Holiday plans hit by soaring fares
Air ticket prices surge, threatening to derail summer travel plans for millions, as travellers who expected easing fares now face sharp increases on long-haul routes.
Ticket prices on key routes between Asia and Europe have risen dramatically, with increases of up to 560% recorded in March alone, driven by disruptions linked to the conflict in the Gulf region.
War impact disrupts global air corridors
The ongoing conflict in the Persian Gulf- one of the world’s busiest aviation corridors- has severely disrupted flight operations.
Airspace closures, reduced capacity at major Gulf hubs, and rising fuel costs have combined to push air ticket prices higher, with analysts warning that elevated fares are likely to persist throughout summer and into autumn.
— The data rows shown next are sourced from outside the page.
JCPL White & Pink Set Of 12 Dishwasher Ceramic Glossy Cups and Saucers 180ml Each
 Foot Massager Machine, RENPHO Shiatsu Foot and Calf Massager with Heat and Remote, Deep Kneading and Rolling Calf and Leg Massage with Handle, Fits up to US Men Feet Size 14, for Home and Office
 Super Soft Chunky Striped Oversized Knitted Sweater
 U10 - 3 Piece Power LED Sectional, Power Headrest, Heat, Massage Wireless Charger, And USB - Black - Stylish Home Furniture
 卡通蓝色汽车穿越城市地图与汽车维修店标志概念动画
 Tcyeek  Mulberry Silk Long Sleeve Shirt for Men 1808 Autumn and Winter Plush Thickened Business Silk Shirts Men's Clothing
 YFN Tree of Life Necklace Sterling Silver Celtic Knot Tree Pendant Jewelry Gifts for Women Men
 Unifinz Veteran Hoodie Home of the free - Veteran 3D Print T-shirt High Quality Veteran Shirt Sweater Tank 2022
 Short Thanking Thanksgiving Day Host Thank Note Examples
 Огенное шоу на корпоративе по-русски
Prices up to 79% higher year-on-year
According to analysis by Alton Aviation Consultancy, based on data from Cirium and online travel agencies, fares for June travel across seven major Asia-Europe routes are up by around 70% compared to last year.
In some cases, the increases are even steeper. Flights from Sydney to London now exceed $1,500- roughly double 2025 levels- while other long-haul routes have nearly tripled in price.
Fares from Europe to Asia are also climbing, with June prices up to 79% higher year-on-year.
Massive cancellations and reduced capacity
The crisis, which escalated on 28 February following US and Israeli strikes on Iran, has already led to around 70,000 flight cancellations.
This highlights the fragility of global aviation networks, as airlines struggle with longer routes, limited capacity and higher operating costs.
Even if the conflict ends soon, experts warn it could take up to three months for fuel prices to stabilise and for any meaningful reduction in ticket costs to reach consumers.
Key routes hardest hit
Flights between Asia and Europe have been particularly affected, especially those passing through major Middle Eastern hubs such as Dubai, Abu Dhabi and Doha.
This corridor accounts for roughly one-third of annual passenger traffic between the two regions.
Price increases on specific routes are striking:
- Hong Kong to London Heathrow: up 560% to $3,318
- Bangkok to Frankfurt: up 505% to $2,870
- Sydney to London (“Kangaroo Route”): up 429%
Demand begins to weaken
The sharp rise in prices and ongoing uncertainty are already impacting demand.
Bookings for summer travel from Europe to the United States are down 15% compared to last year, while transatlantic bookings in the opposite direction have dropped by 11%. Travel from Asia to Europe has also declined by 4.4%.
Airlines pass costs onto passengers
Airlines are increasingly passing higher costs onto travellers, particularly due to rising fuel prices, which account for roughly one-third of operating expenses.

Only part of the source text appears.